How is it June already? I don't know about you, but this has been a busy spring for us! In the past couple of months alone we have partnered with some incredible organizations to help them achieve their objectives.


One conversation that kept coming up was that people are messy... and they don't seem to get on board with change. This conversation happened no less than three times with three different clients. Since this was so common for them, my guess is that you have run into this issue as well.


Early last month I wrote a post about the importance of individual change when implementing an organizational change (check it out here if you missed it!), but let's take an even deeper dive and talk about a particular roadmap that can help sort through the mess and build buy-in for change: ADKAR.


This acronym is credit to Prosci, a leader in change management and the masterminds behind the ADKAR model. ADKAR stands for:


Awareness

Desire

Knowledge

Ability

Reinforcement


These are the 5 checkpoints that each and every person as an individual needs to pass through in order to ensure that the people side of change happens. First they need to become aware of the change, then they need to have the desire for change happen. Then they need to have knowledge of what the change really means, and then they have the ability to carry out the change (often accomplished through trainings). The goal is to hit the ability step at the time of go-live. After that, it's all about reinforcing the new change and not allow folks to drift back into the way it was. Here's a handy visual:


But remember, people are messy. Every member of the team will go through these steps at their own pace. For example, some people will desire the change the second they become aware of it, while others more comfortable with the current state might have a looooooong span of time between awareness and desire. And sometimes people are bought into the change at first, but then resist when it comes to go-live.


It helps to map out a plan for when during a change effort that you want people to hit the ADKAR steps. If you're planning for go-live to happen in, say, September, you make your team aware of the planned change in June. A good goal would be to have most members of the team in the desire step by mid-July, and have trainings (knowledge) happen in August so that everyone feels ready and able to implement the change in September. From there on out, it's all about reinforcement.

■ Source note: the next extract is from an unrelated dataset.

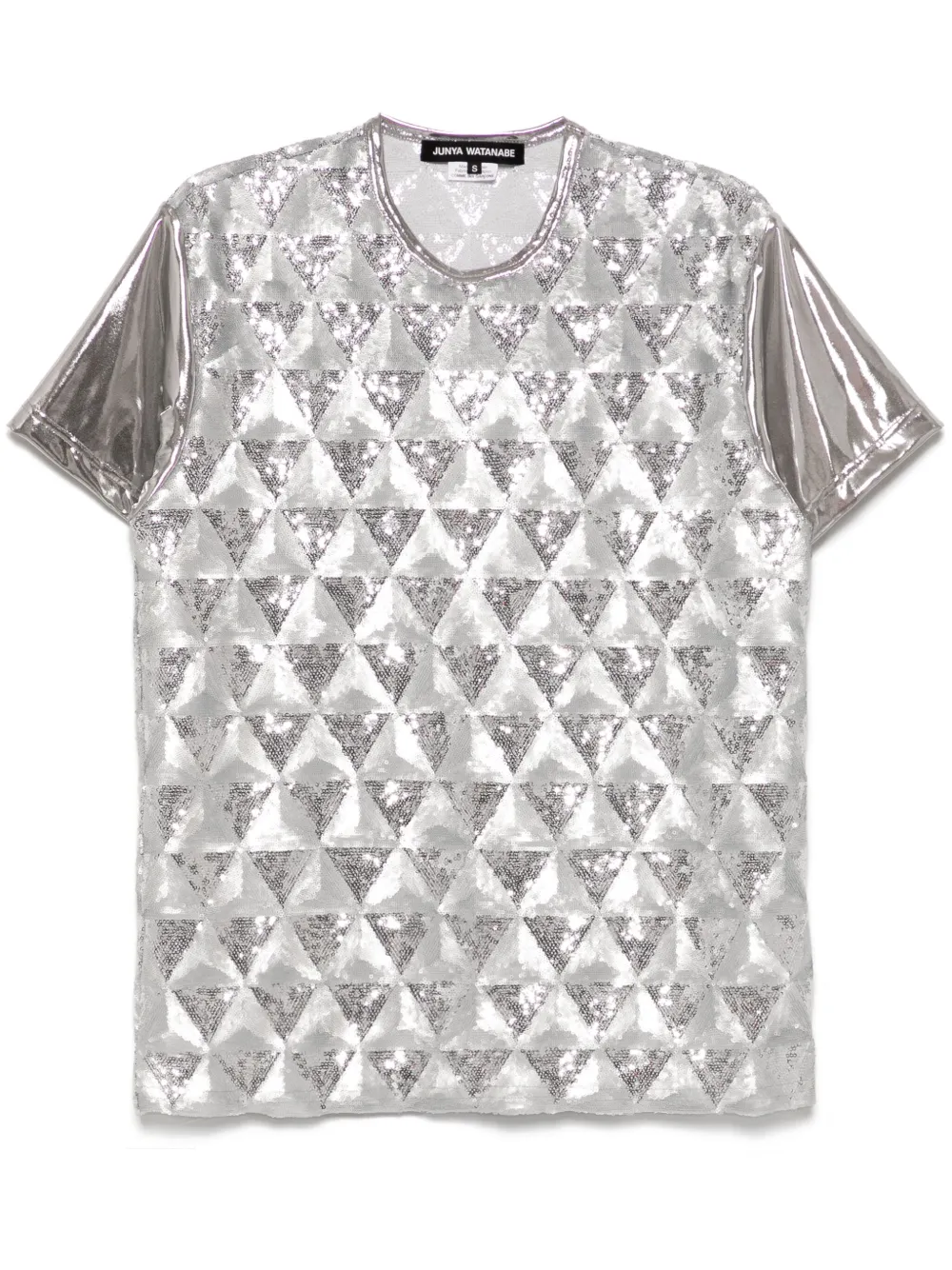 Junya Watanabe T-shirt met pailletten Zilver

Let me be clear on this: the step that really clinches the long-term sustained success of the change is reinforcement.

Old habits die hard, I know, but each individual on the team needs to stick to the change and not revert. Encouragement, recognition, and additional trainings are good tools here.


Now will it happen perfectly like that? Of course not! People are messy. Maybe through some missing communication link, someone doesn't become aware of the change until the eve of trainings. Or someone who seemed desirous of the impending change changes their mind. Or during trainings, an individual gets frustrated and doesn't feel they'll be able to implement the change. All sorts of things can happen.


But the important thing is, while everyone is different and goes at their own pace, the steps of ADKAR are widely applicable, and if you want to guarantee buy-in from the individuals, you will undoubtedly need to hit every step with every person, at their own pace.